Start at the first line of the listing below. Write out each line exactly, stopping after the one that contains "LCW Kids Deer".
__________________________________________________
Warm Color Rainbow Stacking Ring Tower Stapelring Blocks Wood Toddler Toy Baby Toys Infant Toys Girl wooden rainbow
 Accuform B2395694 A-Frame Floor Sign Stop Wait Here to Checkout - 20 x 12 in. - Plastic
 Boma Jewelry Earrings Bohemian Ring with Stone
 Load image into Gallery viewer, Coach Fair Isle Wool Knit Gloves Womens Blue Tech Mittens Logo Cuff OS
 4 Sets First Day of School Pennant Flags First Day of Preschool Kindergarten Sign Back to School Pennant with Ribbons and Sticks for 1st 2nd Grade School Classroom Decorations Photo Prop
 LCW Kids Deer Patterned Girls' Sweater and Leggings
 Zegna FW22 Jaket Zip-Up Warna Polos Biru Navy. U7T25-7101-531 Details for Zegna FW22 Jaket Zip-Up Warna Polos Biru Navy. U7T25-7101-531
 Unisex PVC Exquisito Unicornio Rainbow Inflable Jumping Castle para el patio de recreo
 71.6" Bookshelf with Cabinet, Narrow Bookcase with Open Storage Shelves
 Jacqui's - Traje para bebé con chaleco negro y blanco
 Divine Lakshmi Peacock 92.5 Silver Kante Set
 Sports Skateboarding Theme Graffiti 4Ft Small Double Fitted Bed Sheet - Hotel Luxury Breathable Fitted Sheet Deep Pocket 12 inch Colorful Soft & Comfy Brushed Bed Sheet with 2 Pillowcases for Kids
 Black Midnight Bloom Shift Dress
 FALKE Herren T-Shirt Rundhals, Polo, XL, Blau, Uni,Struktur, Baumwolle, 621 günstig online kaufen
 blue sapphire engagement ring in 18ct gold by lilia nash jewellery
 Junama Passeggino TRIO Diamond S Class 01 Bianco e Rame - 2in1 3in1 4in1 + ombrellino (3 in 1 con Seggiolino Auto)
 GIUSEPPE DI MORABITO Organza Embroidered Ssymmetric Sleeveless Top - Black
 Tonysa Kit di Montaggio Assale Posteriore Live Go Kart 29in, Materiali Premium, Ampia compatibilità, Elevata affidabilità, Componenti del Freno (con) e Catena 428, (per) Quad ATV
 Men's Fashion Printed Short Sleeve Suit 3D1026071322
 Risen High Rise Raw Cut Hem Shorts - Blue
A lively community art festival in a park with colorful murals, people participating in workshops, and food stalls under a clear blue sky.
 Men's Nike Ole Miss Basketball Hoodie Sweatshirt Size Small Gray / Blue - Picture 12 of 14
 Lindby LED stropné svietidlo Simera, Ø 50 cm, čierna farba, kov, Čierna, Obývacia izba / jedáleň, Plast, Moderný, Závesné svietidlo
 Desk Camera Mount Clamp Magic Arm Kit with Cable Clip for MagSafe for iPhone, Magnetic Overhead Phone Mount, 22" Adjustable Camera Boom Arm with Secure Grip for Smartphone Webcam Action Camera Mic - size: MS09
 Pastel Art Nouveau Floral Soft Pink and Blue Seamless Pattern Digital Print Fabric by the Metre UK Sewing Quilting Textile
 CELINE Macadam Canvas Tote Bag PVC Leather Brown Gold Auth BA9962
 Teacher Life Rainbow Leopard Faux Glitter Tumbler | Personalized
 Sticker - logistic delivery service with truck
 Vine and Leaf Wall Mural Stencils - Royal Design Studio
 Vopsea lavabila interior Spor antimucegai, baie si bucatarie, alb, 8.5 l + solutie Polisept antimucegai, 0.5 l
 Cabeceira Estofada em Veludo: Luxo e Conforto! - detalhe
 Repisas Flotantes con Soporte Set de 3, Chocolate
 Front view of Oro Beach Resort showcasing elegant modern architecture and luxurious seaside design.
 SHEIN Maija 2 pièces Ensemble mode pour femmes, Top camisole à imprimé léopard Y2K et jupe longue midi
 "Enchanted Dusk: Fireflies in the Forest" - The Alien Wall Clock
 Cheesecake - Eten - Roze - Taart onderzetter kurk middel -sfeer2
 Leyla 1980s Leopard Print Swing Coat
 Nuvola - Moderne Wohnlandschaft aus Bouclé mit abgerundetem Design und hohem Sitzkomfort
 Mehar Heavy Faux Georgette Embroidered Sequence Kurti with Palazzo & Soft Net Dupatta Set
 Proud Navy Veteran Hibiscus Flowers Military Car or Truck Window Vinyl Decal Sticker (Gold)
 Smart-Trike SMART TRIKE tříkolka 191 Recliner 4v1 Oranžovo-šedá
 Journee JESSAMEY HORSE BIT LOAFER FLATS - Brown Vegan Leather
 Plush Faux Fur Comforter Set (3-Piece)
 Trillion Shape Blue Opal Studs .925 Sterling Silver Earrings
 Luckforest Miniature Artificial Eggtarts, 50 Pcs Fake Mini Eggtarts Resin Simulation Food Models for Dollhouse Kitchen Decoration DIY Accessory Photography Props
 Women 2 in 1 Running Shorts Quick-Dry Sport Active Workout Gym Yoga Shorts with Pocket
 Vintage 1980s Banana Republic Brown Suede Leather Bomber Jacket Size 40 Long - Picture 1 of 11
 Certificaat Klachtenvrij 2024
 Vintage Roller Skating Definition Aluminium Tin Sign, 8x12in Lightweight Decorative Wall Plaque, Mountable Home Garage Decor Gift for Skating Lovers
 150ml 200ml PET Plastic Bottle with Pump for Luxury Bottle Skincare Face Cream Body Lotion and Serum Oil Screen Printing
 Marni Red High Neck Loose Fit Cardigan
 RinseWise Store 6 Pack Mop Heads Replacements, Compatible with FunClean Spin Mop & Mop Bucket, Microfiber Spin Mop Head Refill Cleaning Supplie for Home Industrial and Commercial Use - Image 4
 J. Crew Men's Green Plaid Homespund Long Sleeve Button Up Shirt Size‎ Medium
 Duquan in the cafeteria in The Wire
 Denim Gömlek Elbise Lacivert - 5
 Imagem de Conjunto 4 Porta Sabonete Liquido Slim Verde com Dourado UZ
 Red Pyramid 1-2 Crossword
__________________________________________________
> [COMPLETED TASK]:
Warm Color Rainbow Stacking Ring Tower Stapelring Blocks Wood Toddler Toy Baby Toys Infant Toys Girl wooden rainbow
 Accuform B2395694 A-Frame Floor Sign Stop Wait Here to Checkout - 20 x 12 in. - Plastic
 Boma Jewelry Earrings Bohemian Ring with Stone
 Load image into Gallery viewer, Coach Fair Isle Wool Knit Gloves Womens Blue Tech Mittens Logo Cuff OS
 4 Sets First Day of School Pennant Flags First Day of Preschool Kindergarten Sign Back to School Pennant with Ribbons and Sticks for 1st 2nd Grade School Classroom Decorations Photo Prop
 LCW Kids Deer Patterned Girls' Sweater and Leggings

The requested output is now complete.